The story of Rudolf Janke, the brain behind the Peter Ballah Award for traditional storytelling
When Rudolf Janke, a German, came to Liberia in 1982, he considered the country’s cultural and traditional practices as primitive and out of touch with the modern world.
Janke’s school of thought, according to him, came from what foreign media portrayed of the country’s cultural and traditional practices in the early 70s and 80s, until he met the late cultural icon Peter Ballah in 2011, who debunked his beliefs.
“After our interaction and several studios together about the country’s cultural practices, I came to realize that unlike what foreign media portrays of Liberia, it is a land that has a beautiful culture heritage,” Janke said. “I think the foreign media I know of have not treated Liberia well in terms of positive news coverage about the country’s culture. No country have a perfect cultural practice, so branding other people’s own as primitive does a lot of damage and make people think they are not civilized.”
Now six years later, since that encounter, Janke is now fighting to save a culture he once considered as primitive through a storytelling competition titled “the Peter Ballah Award for Traditional Storytelling.” The competition is intended to save the country’s lost culture.
The competition, now in its second stage, carries a cash prize of US$500, which will be awarded to three storytellers whose stories stand out among the many. The competition is open to all age groups and have seen an increase in the number of traditional stories submitted, from 40 during the first edition to 100 this year. The only criteria for application is that stories should come with cultural and traditional values before it can be accepted.

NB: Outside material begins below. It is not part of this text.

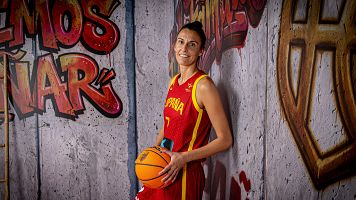 Alba Torrens, tres medallas mundiales: "Al baloncesto no le pido... le agradezco"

“We focus on traditional stories with moral values because it reflects social values in a culture that motivates people in their pursuit of a meaningful life.
“Liberia is a land rich with culture and when I got to learned it, I felt that I had a role to play, to preserve it for the next generation, for part of it is gradually decaying.
“So that is where the traditional storytelling competition comes and gives the opportunity to Liberians to write about their traditional stories, whether it is about family or clan or a deity. These stories will be compiled into a book and distributed for free to schools across the country.
“This country is at a crossroad, and if nothing is done to preserve the culture, maybe four decades from now, the next generation will have nothing to relate to. And to avoid this, I am getting involved,” Mr. Janke said with a smile on his face.
Historically, oral storytelling or its documentation has been an integral part of Liberia’s culture. Masters of the craft would gather children around the fire or in their house to tell traditional stories ranging from family history to clan, deity, and morality tales.
These stories had a profound impact on the minds of the listeners back then, like the stories of renowned author Wilton Sankawulo, who wrote numerous traditional stories. But nowadays the act of storytelling or documentation is disappearing.
For Mr. Janke, keeping the country’s culture alive through storytelling competitions is important and crucial for the survival of Liberia’s cultural practices before it is finally lost.
“This is a great beginning of many more things to come. With storytelling, it is easy for one to develop a complete understanding of one’s culture because one can easily relate to it and learn a lot about the world in a short period of time.
“The oral tradition of storytelling makes it possible for a culture to pass knowledge, history, and experiences from one generation to the next,” he said.
The German’s passion for storytelling comes from the fact that he learned about his country’s culture mostly through traditional stories, which have been documented, and the one told by his parents’ older people and at festival.
According to Mr. Janke, these stories, documented over 60 years ago in his country, are still taught in schools and continue to have a profound impact on Germans, which have helped to keep their culture and tradition alive.
And this is the same reason he is working towards establishing a traditional storytelling competition.
“Preserving the country’s heritage means to save the story from being lost. This is why we are encouraging parents to get involved by telling their children traditional stories every night,” he said, adding, “by doing so, they reawaken and save their country’s culture.’
Apart from the storytelling competition, Mr. Janke, whenever in the hinterland or in the counties, usually in the evening gathers the children in the village square or town hall and invites each person in the town to tell a story. His initiative is gaining momentum.
Meanwhile, Mr. Janke has revealed plans that before the year’s end, they will start to create awareness on the importance of storytelling, to get Liberians involved and to have more people embrace their oral tradition.